I was wrong. On twitter Eliezer says he wears the fedora because he likes how it looks. He also says he doesn’t “represent his followers and their interests” because that way of thinking fails.
I hard disagree with your point about the fedora
My true rejection is that we shouldn’t be obsessing over people’s appearances and self-expression, we shouldn’t be asking people to be less than themselves. This is not truth-seeking. It gives off the vibe of fakeness and cults and of your mom telling you not to go out dressed like that.
My more principled rejections
- It overly focuses signalling on what some people on the internet care about over what the average american / person in political power / AI researcher cares about.
- I’m suspect yudkowsky is aware that the stereotypes of the fedora, and wears it anyways, perhaps to reclaim it as a celebration of smartness, perhaps to countersignal that he doesn’t care what the sneer-clubbers think, perhaps to ‘teach in a clown suit’.
- You don’t win the meme war by doing the conventional media stuff good enough. You have to do something out of the distribution, and perhaps “low status” (to some). The Kardashians pioneered a new form of tv. Mr Beast studied a lot and pioneered a new form of media business. I should write a longer post on this. In any case, let’s keep EA and rationality weird, it’s one of the few edges we have.
I think “we should prevent AGI doom” and “we should normalize the notion that a fedora is just a hat, not a sign that you’re not some alt-right incel nutjob who wants women in the kitchen and black people in camps” are both worthwhile goals, but also completely orthogonal, and the former is a tad bit more important; so for all that it makes my high-decoupling heart weep, I say if it makes you more likely to achieve your goal of saving the world in the short term, lose your pride and ditch the fedora.
I think you overstate the badness of the fedora stereotype (multiplied how many people have that association, like the integral of vibes over all audience). I would disapprove of a notable Rationalist carelessly going onto a podcast wearing a flag of the soviet union, or a shirt that says “all lives matter”.
And I think you understate the memetic benefits of playing into the fedora meme. Culture is a subtle, complicated thing, where “Liquid Death” is a popular fizzy water company valued at $700 million, because it signals something bad and is therefore socially acceptable to drink it at rock concerts and bars. And when it comes to personal clothing, it’s also a matter of individual taste—being cool does partly come from optimizing for what everyone else likes, but also from being unique and genuine and signalling that you don’t care what everyone else thinks.

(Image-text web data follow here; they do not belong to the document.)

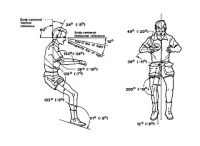 The neutral body posture shown here was created from measurements of 12 people onboard Skylab. (NASA)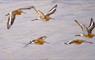 Flock of Black Tailed Godwits just returned from their breeding grounds and still in breeding plumage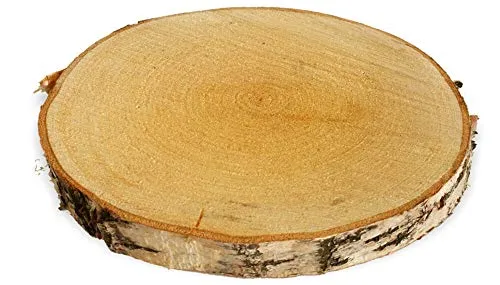 Große Holzscheibe zum Basteln oder Dekorieren - 1 Stück naturbelassene Baumscheibe aus Birkenholz mit 25 - 30 cm Durchmesser - runde Holz Birkenscheibe als Deko Holzplatte Holzdeko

But also I think it doesn’t matter that much? Should 80,000 hours write an article on being a makeup artist or costume designer? Is personal visual aesthetics the constraint on winning at outreach/policy? That world sounds kind of bizarre and fun, and I think even in that world we should try to seem real. But we aren’t there (yet?) so we can simply be real instead of trying to be real. Let people be their full selves and make their own fashion choices.
You’re possibly right. Honestly the “fedora” thing strikes me as a Very Online thing, so odds are it doesn’t matter that much. However wouldn’t really want to draw in people who think “fedora good” over “fedora bad” either. When the wise man points at the looming world-ending superintelligent AI, an idiot looks at his hat. Realistically, odds are most regular people don’t much care. But it might be a teeny teensy bit safer to drop possible blatant signals of that sort, to avoid triggering both groups. It risks being a distraction.
Fair, but also, fashion choices when going for an interview are definitely something most media-savvy people would be very conscious of.
I was wrong. On twitter Eliezer says he wears the fedora because he likes how it looks.
He also says he doesn’t “represent his followers and their interests” because that way of thinking fails.
He’s open to alternative hat suggestions.